China Bans Cell Phones & Other Devices From Giant Telescope

Photo: Pxhere

Chinese officials have announced that they are imposing a ban on certain technologies with 5 kilometers of their famed Five-hundred-meter Aperture Spherical Radio Telescope. As reported in Wired, Tourists and visitors who are caught using smartphones, wearable devices, digital cameras, and drones within that distance run the risk of facing hefty fines.

The telescope, which is located in Guizhou, China, was originally designed to be a must-see spot for tourists. Travelers from across the globe came to explore the area and learn about the science behind the impressive device. Unfortunately, many of those people brought along their own technology — and those little devices tend to emit radio waves.

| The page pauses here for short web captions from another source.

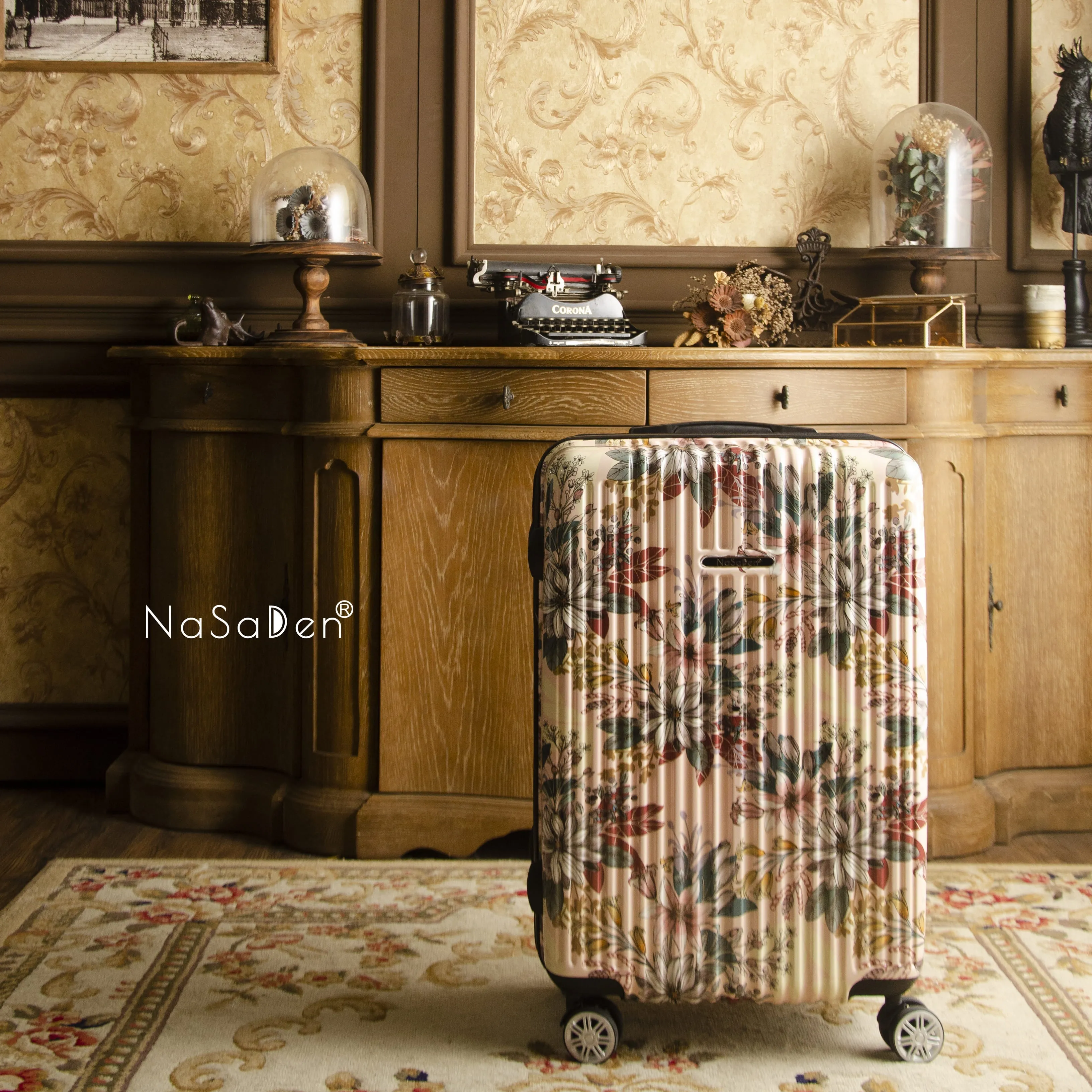 NaSaDen [ Floral Pink ] 22" Carry on/ 26" Checked/ 29" Checked Zipper Luggage In Stock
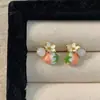 Pendientes de Esmalte de Gota de Aceite Franceses Coloridos de Primavera y Verano Estilo Suave Ins Nicho Flor Fresa Pendientes de Circonita Agujas de Plata para Mujer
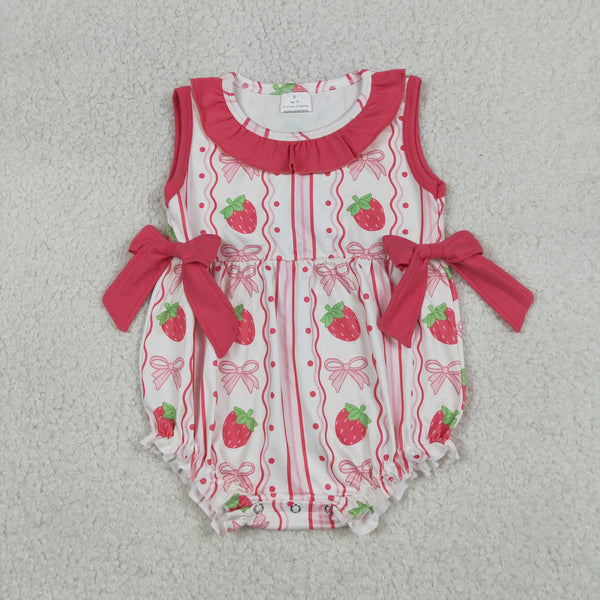 SR4011 RTS baby girl clothes strawberry bows toddler girl summer bubble
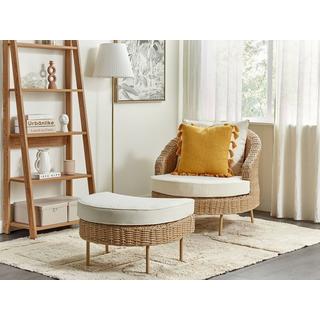 Beliani Fauteuil de jardin avec ottoman en Polyrotin Boho ARCILLE  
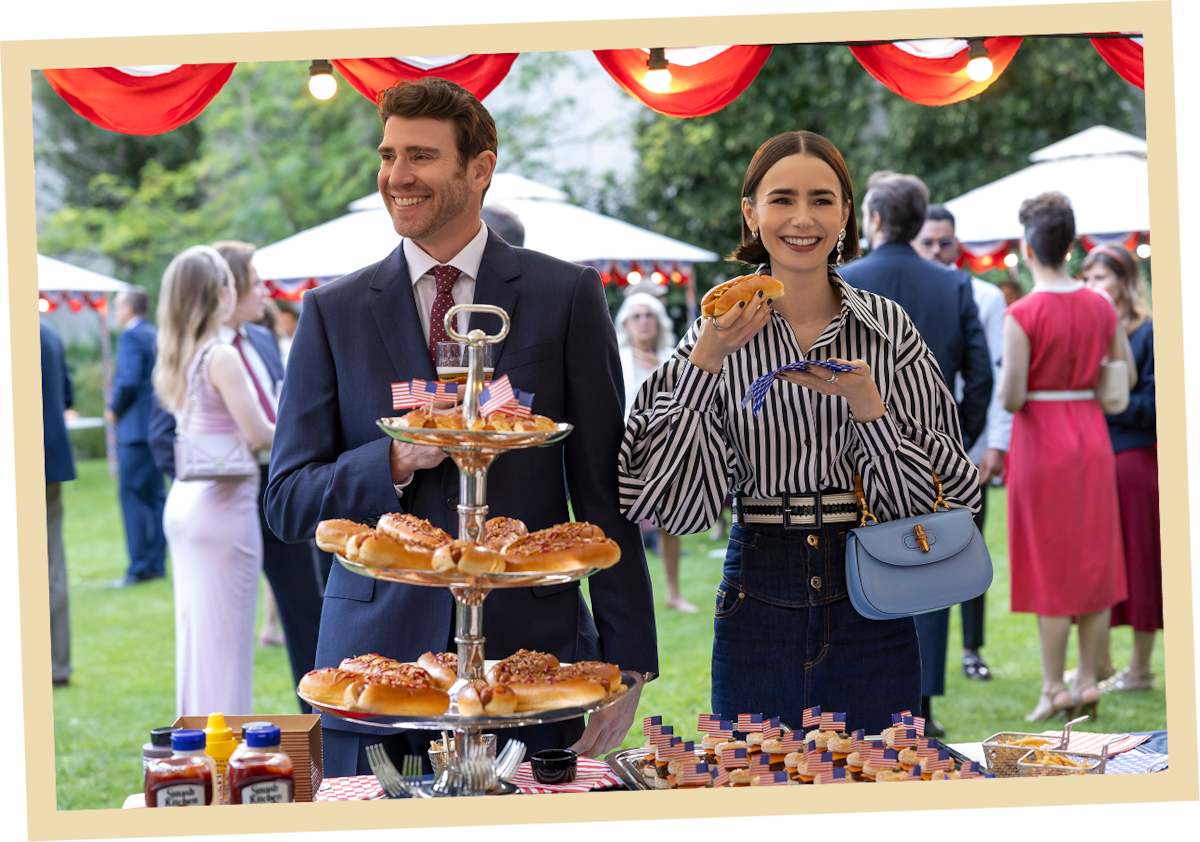 Bryan Greenberg as Jake Campbell and Lily Collins as Emily in ‘Emily in Paris’ Season 5.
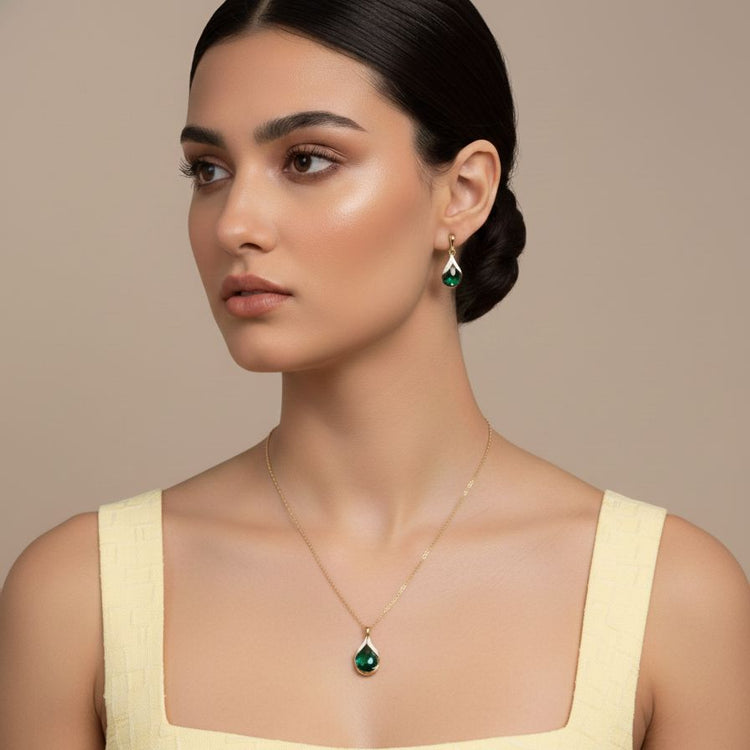 Green Passion Drops Pendant Set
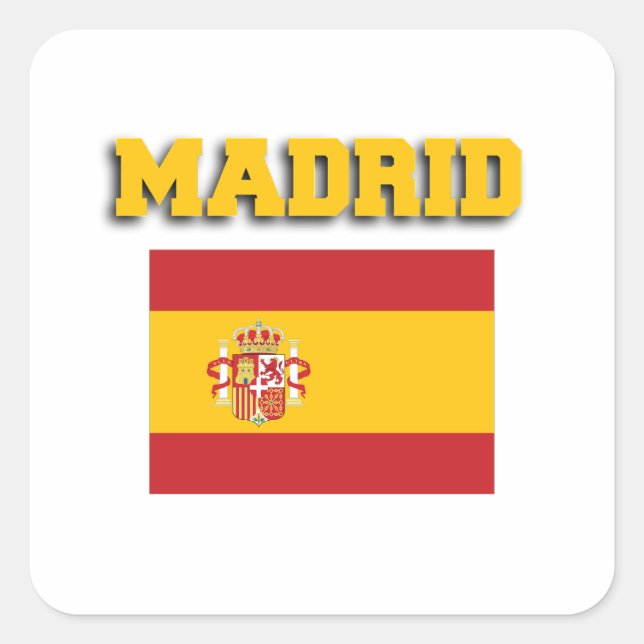 Sticker Carré Drapeau Espagne Madrid (Devant)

Those radio waves have posed a major problem for scientists attempting to study the cosmos. They can essentially block out important data and compromise the information gathered by the radio telescope. In order to combat this issue, officials have instituted the ban, which began early last month.

The mammoth telescope was designed to be highly sensitive to radio waves. This allows it to gather data from black holes, exploded stars, and other celestial bodies. However, the influx of radio waves from tourists eager to snap a selfie with the telescope has caused major issues with their research.

That’s where the new electronics ban comes in. If anyone is caught with any sort of electronics within the 5 kilometers surrounding the telescope, they can face a fine of around $4,500. And the maximum penalty can be up to a whopping $30,000 — all the more incentive to leave your devices behind when you head to the telescope. If you’re between 5 and to kilometers away, the restrictions are slightly less stringent — but you still need to be careful about what electronics you’re using around the telescope.

This isn’t the first telescope that’s needed protective from electronics in order to function, either. There’s a 13,000 square-mile radio-quiet zone in the Appalachian Mountains of the United States that protects the Green Bank Telescope.

Scientists and officials alike are confident that these new restrictions will have a positive impact on the data gathered by the telescope. Whether this will impact the tourism economy that has built up around the famed telescope remains to be seen.